Referencing the nation's founding fathers, as well as the creation of the Erie Canal, Gov. Andrew Cuomo said Wednesday the time has come to think big and take on one of the most hated structures in the city: Penn Station.

"It is ugly, it is dated architecture, it is a lost opportunity," he said. "Frankly, it's a miserable experience. Let me cut to the chase: it is a terrible impression of New York."

His solution, which he will expand upon in next week's State of the State address: move Amtrak across the street to the Farley Post Office building — something originally championed by the late senator Daniel Patrick Moynihan — and renovate the existing Penn Station, bringing natural light into what he called "a bleak warren of corridors." The two stations would have block-long entrances and be connected via an underground passageway. Cuomo is calling the new hub the "Empire Station Complex."

Predictably, this inspired a number of Star Wars jokes. 

The governor made the announcement flanked by officials from Amtrak, the state's Economic Development Corporation, and Madison Square Garden — which may see its Paramount Theater partially demolished in what Cuomo called "a friendly negotiated condemnation."
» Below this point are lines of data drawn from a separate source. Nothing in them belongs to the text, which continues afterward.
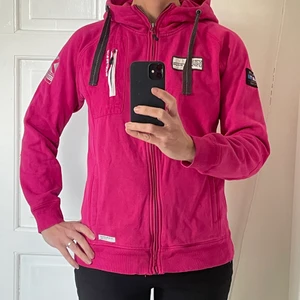 Cerise hoodie - Cerise huvtröja ifrån Five seasons, storlek 38. Mycket fint skick, sparsamt använd.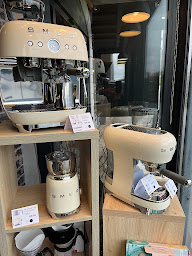 Photo n°9 de Les Comptoirs Thé Café à Châtillon-le-Duc (Torréfacteur)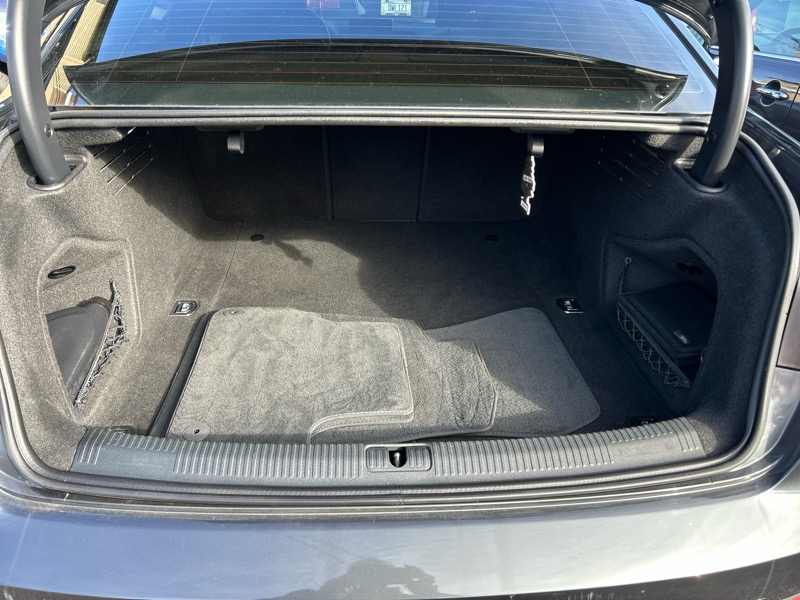 Audi A4 2.0T Premium quattro Sedan 2017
(Cuomo added that it's "an unusual combination of words. But it is an unusual situation.")

The arena was not mentioned as an option for displacement in Wednesday's announcement, but Madison Square Garden has long resisted calls for it to relocate, so chairman James Dolan's presence on the dais with the governor was in and of itself significant. But it wasn't immediately clear how committed he was to Cuomo's vision. While he called the plans "long overdue," he stopped short of voicing his full support.

"As it advances," Dolan said, "if there's an opportunity to partner with the state, I will gladly take it."

But demolishing the Theater at Madison Square Garden (formerly called the Paramount) was just one of several options Cuomo tossed out to entice private developers, which will be key to financially pulling this off.

"The private developer will finance the Penn redevelopment in exchange for the retail development rights that are within the station itself," Cuomo said. "There are 650,000 people going through Penn."

That may be enough to entice a developer to sign on to what could be a $3 billion undertaking. Tom Wright, the head of the Regional Plan Association, said the governor's presentation "chummed the waters" to drum up interest in the project. "They've put enough...economic value on the table to hopefully get the private sector to start thinking very creatively about how they can generate some revenues and do something here."

But Wednesday's proposal amounted to more of a 'plan to come up with a plan' than a concrete path forward, and the unanswered questions abound: how will this fit into plans to build a new tunnel under the Hudson River, known as Gateway? And how much public money might be put into the project?

"It's a bit like, you know, you paint the outside of your house first," said Mary Rowe, the vice president of the Municipal Arts Society.

"You make it clear to folks that you have to probably overhaul the whole thing, but the first thing you're going to do is paint the outside."